Password Maintenance Policy

In an effort to provide secured and reliable computing environment to all the members of the DCC Community, and based on the approval of H. E. The Rector on the recommendations of the Computer Utilization Committee, the DCC IT has developed an enhanced password maintenance policy for both the Internet and UNIX accounts. We kindly request all our community to adherence to the following policy statements:
  1. All users are advised to change their passwords for both the Internet and UNIX accounts once before May 15, 2001 for the first time, and must change them every three months thereafter. The Unix and NT systems will enforce the users to change the password in the due time. An earlier e-mail warning will be sent to users to remind them about the due date for the password change.
  2. The new password has to fit in the following simple criteria:
  • Password must have at least 8 characters and the new password must be different from your previous password
  • Password must consist of at least 2 Non-Alphabetic characters [Non-Alphabetic characters include: Numbers 0 to 9 and special characters such as !@#$%^&*()_+]

Password Selection Guidelines
The object when choosing a password is to make it as difficult as possible for a hacker/cracker to make educated guesses about what you've chosen. This leaves hackers/crackers no alternative but a brute-force search, trying every possible combination of letters, numbers, and punctuation. A search of this sort, even conducted on a machine that could try one million passwords per second (most machines can try less than one hundred per second), would require, on the average, over one hundred years to complete. The following guidelines for a password selection may be useful (from APS Online Journal password selection):

Some Do's

  • Do use a password with mixed-case alphabetic.
  • Do use a password with non-alphabetic characters, e.g., digits or punctuation.
  • Do use a password that is easy to remember, so you don't have to write it down.
  • Do use a password that you can type quickly, without having to look at the keyboard. This makes it harder for someone to steal your password by watching over your shoulder.

Some Dont's

  • Don't use your login name (username) in any form (as-is, reversed, cititalized, doubled, etc.).
  • Don't use your first or last name in any form.
  • Don't use your spouse or child's name.
  • Don't use other information easily obtained about you.
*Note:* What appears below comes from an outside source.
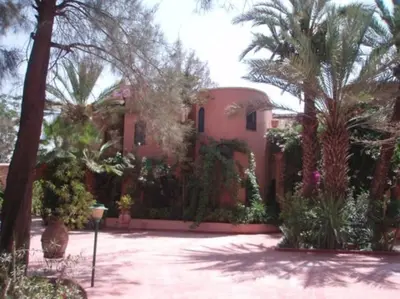 a large pink house with palm trees and plants at Villa Yasmina in Douar Blidene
This includes license plate numbers, telephone numbers, social security numbers, member society number, the brand of your automobile, the name of the street you live on, etc.
  • Don't use a password of all digits, or all the same letter. This significantly decreases the search time for a hacker/cracker.
  • Don't use a word contained in (English or foreign language) dictionaries, spelling lists, or other lists of words.
  • Don't use a password shorter than six characters.
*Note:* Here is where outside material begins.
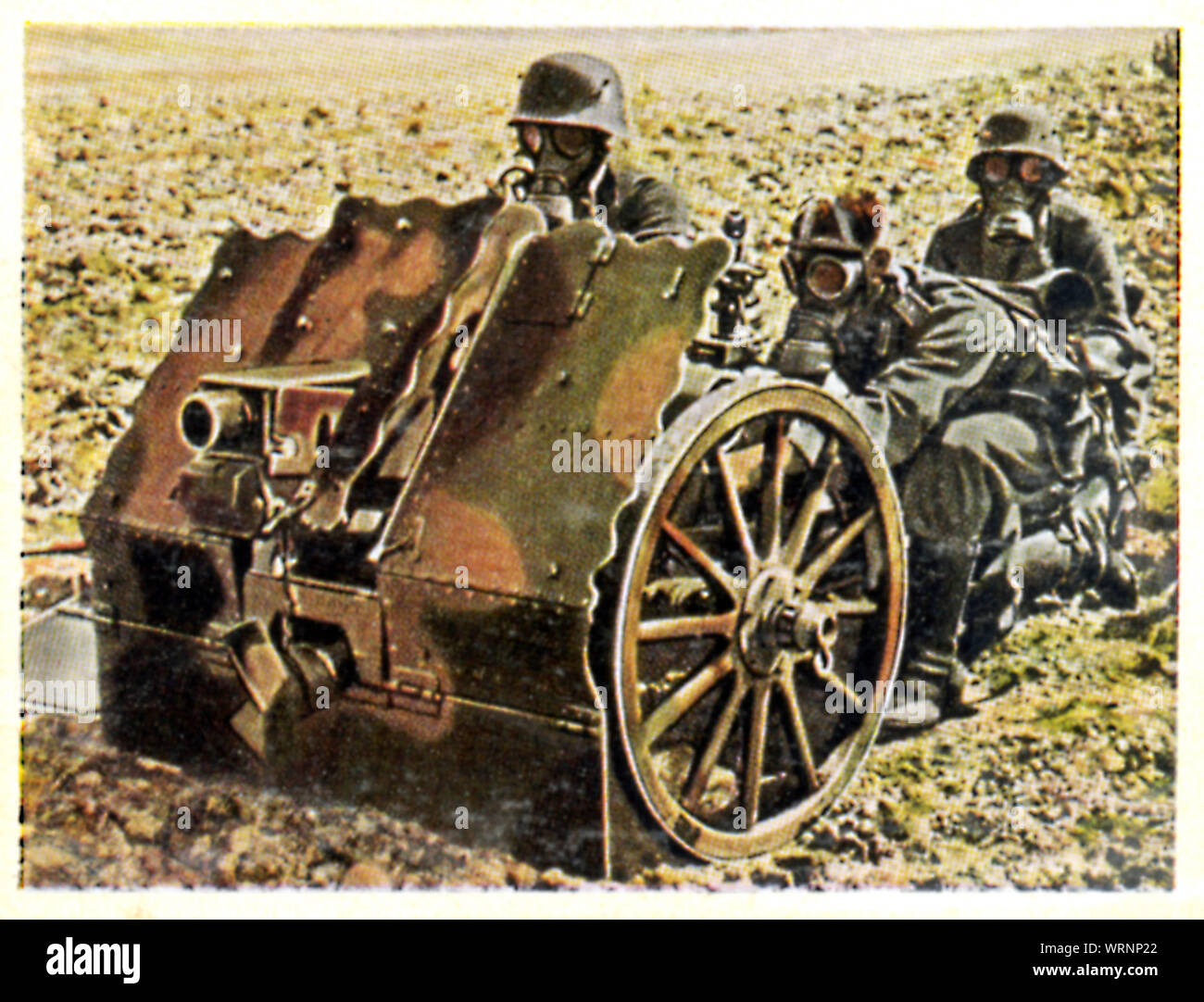 Wehrmacht Light Gun Firing Position, 1936 cigarette card of German soldiers in gas masks training with a 7.5 cm infantry support gun Stock Photo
Although this list may seem to restrict passwords to an extreme, there are several methods for choosing secure, easy-to-remember passwords that obey the above guidelines. Some of these include the following:

  • Choose a line or two from a song or poem, and use the first letter of each word. For example, "Let me take you down, 'cause I'm going to Strawberry Fields" becomes "LmtydcIgtSF". (Of course, only the first eight characters count.)
  • Alternate between one consonant and one or two vowels, up to eight characters. This provides nonsense words that usually make excellent passwords. Examples include "bababuoy," "seeplip," and so on.
  • Choose two short words and concatenate them together with a punctuation entity between them. For example: "cat;snow," "trip+car," "pill?dog."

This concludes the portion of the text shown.